Data for processing
___

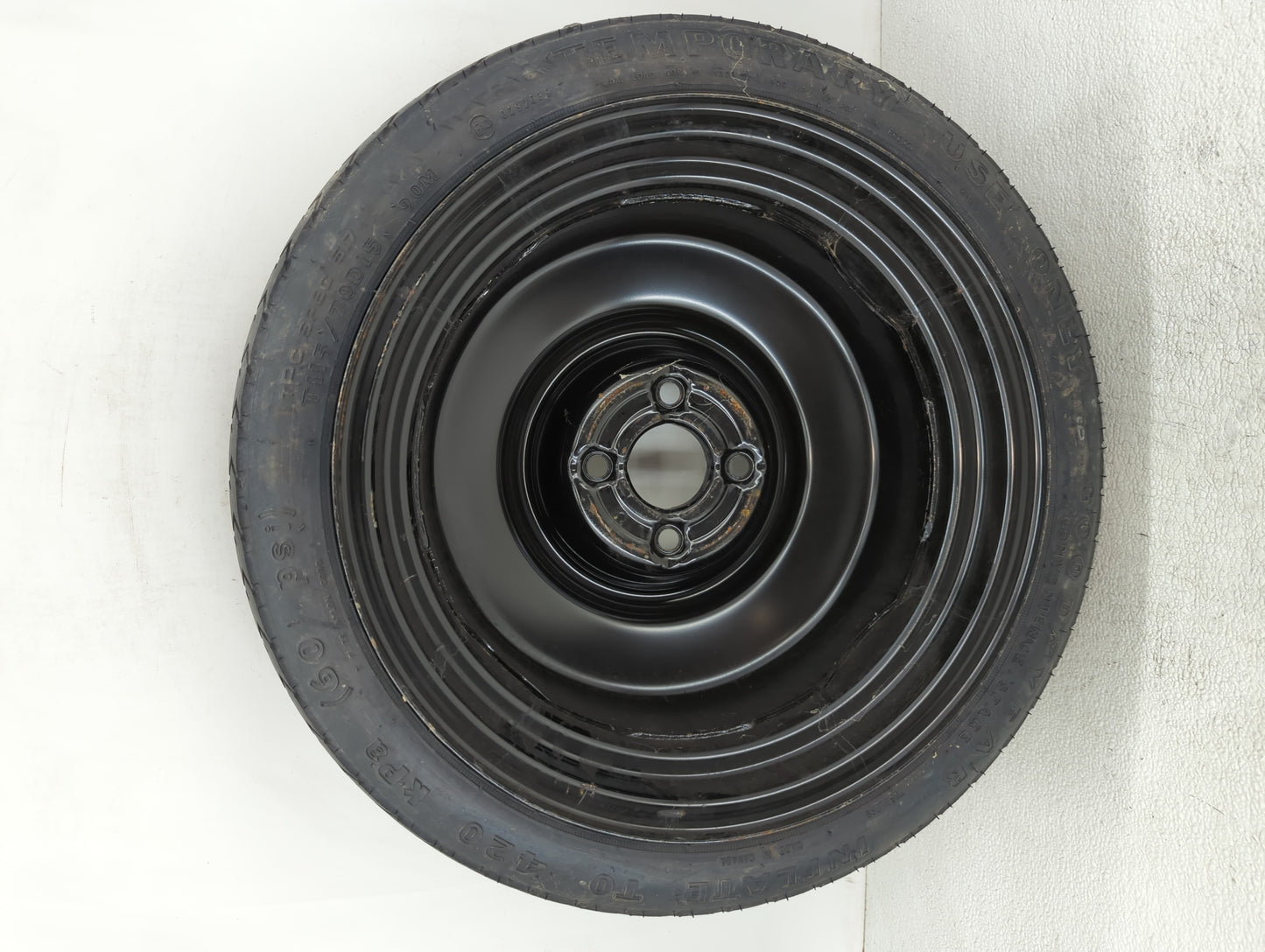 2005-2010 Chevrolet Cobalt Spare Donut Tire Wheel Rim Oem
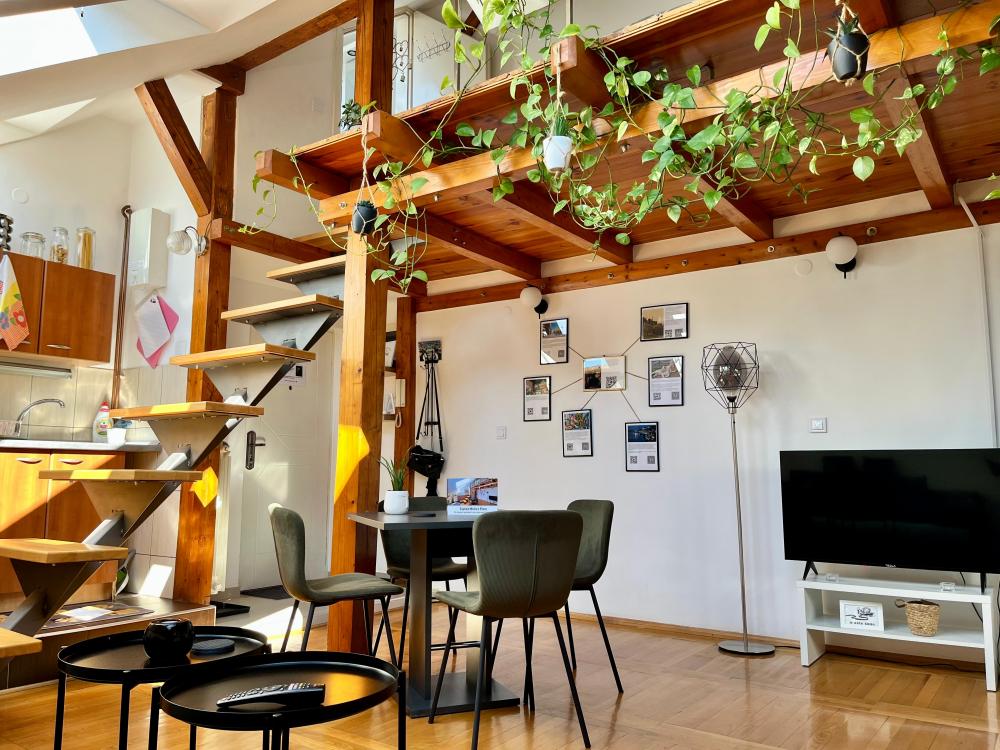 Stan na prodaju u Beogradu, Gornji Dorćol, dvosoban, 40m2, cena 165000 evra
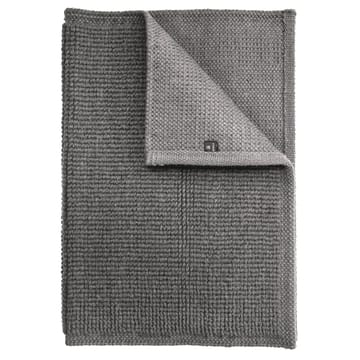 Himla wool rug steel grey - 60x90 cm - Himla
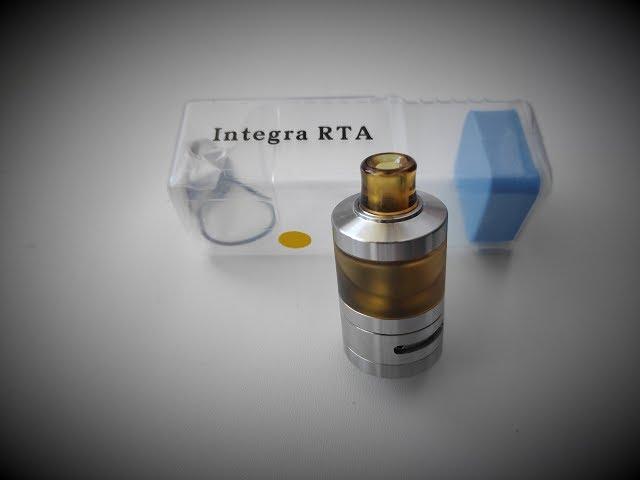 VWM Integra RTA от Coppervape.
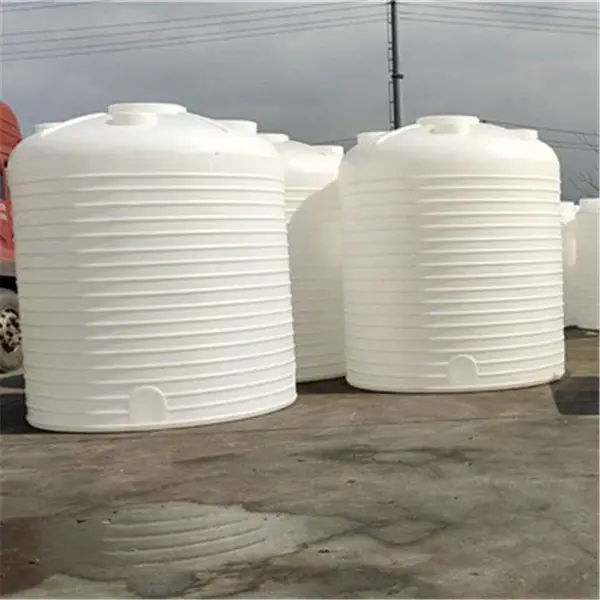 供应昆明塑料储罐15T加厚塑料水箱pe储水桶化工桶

___

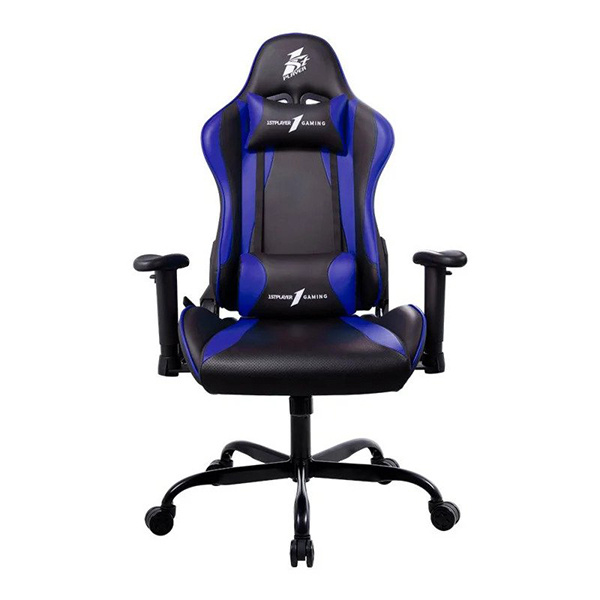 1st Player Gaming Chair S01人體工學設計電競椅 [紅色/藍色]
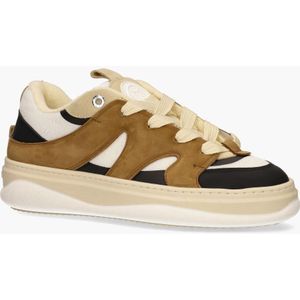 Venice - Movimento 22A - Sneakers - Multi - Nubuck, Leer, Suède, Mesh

___

Among the lines above, the one with "1st Player Gaming Chair S01人體工學設計電競椅 [紅色/藍色]" opens the part to repeat and the one with "Venice - Movimento" closes it; repeat only that part exactly, with no pictures.

Written answer
 1st Player Gaming Chair S01人體工學設計電競椅 [紅色/藍色]
 Venice - Movimento 22A - Sneakers - Multi - Nubuck, Leer, Suède, Mesh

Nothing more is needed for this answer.